For any picture in the lines below, please leave it out and copy the rest exactly.
-- Data segment follows --
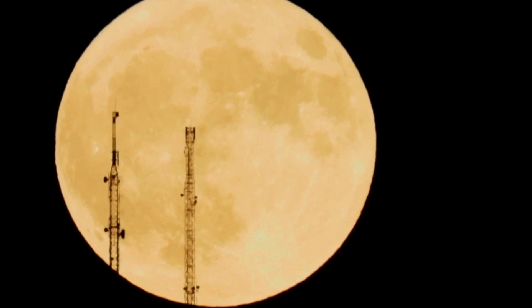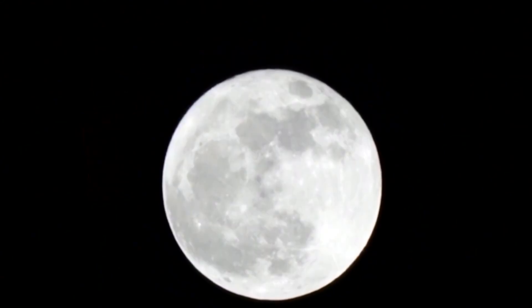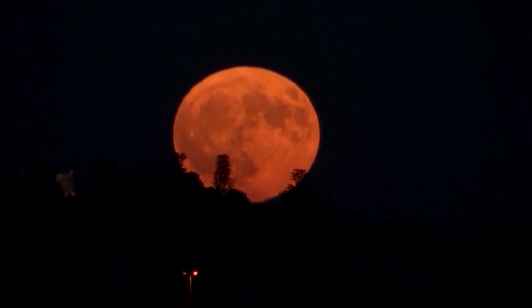So what is a supermoon? According to NASA, it's when the moon is at or near its closest point to Earth at the same time as it is full, making it look larger — it's an optical illusion. This supermoon is also a blue moon, not because of its color, but because of when it falls on the calendar.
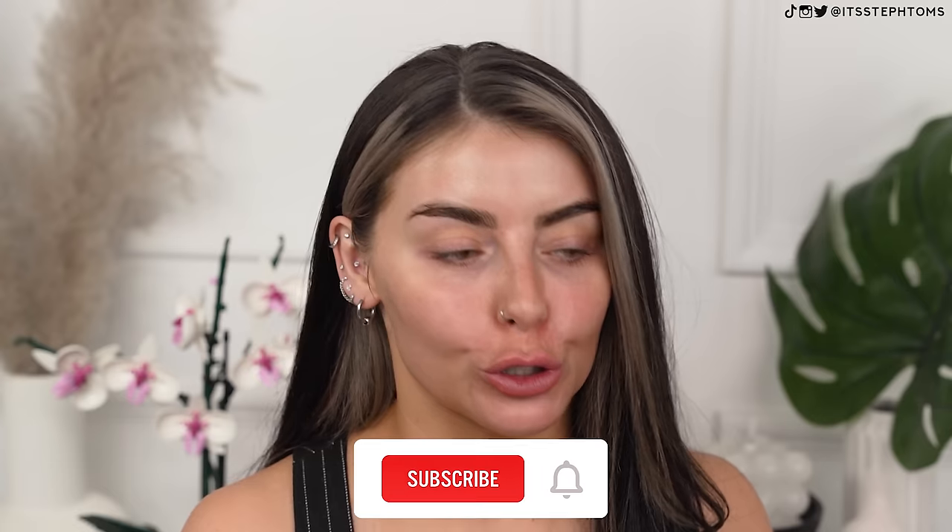Hello my friends, welcome back to my channel. I hope you're all good. So in today's video, as you can tell by the title, we are doing a full face of Temu makeup dupes.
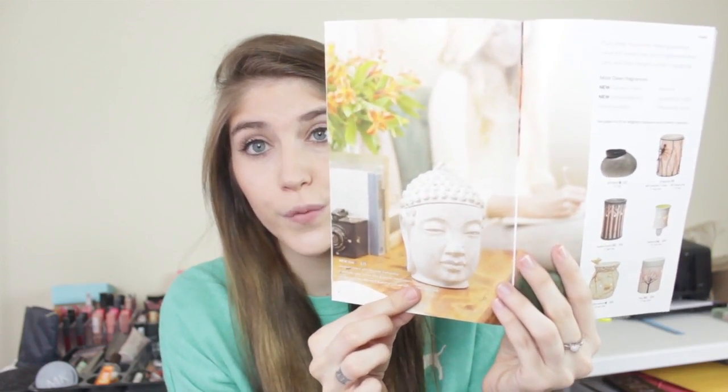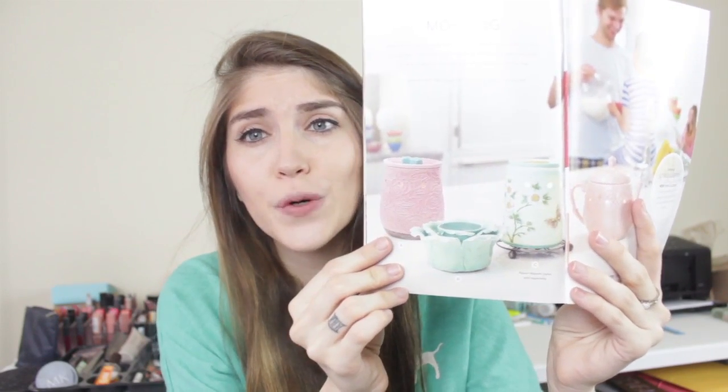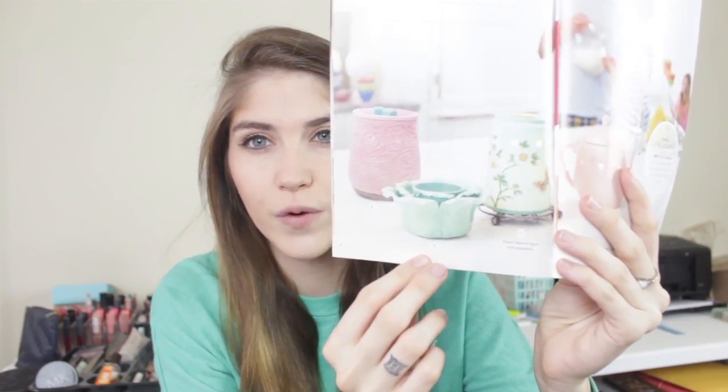It's a new catalog so I was so excited to go through it and see all the other new warmers as well. There's also this one called the Bali Warmer which I think is really on trend. There are these mint and pink warmers which I think are so pretty and girly. I love the mint ones — like this little flower one. I think this is an element warmer so you just plug it in, no light bulb, and it just heats up. It just looks so cute, I love that one so much.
-- Data segment concluded --
## [Answer space]
So what is a supermoon? According to NASA, it's when the moon is at or near its closest point to Earth at the same time as it is full, making it look larger — it's an optical illusion. This supermoon is also a blue moon, not because of its color, but because of when it falls on the calendar.
Hello my friends, welcome back to my channel. I hope you're all good. So in today's video, as you can tell by the title, we are doing a full face of Temu makeup dupes.
It's a new catalog so I was so excited to go through it and see all the other new warmers as well. There's also this one called the Bali Warmer which I think is really on trend. There are these mint and pink warmers which I think are so pretty and girly. I love the mint ones — like this little flower one. I think this is an element warmer so you just plug it in, no light bulb, and it just heats up. It just looks so cute, I love that one so much.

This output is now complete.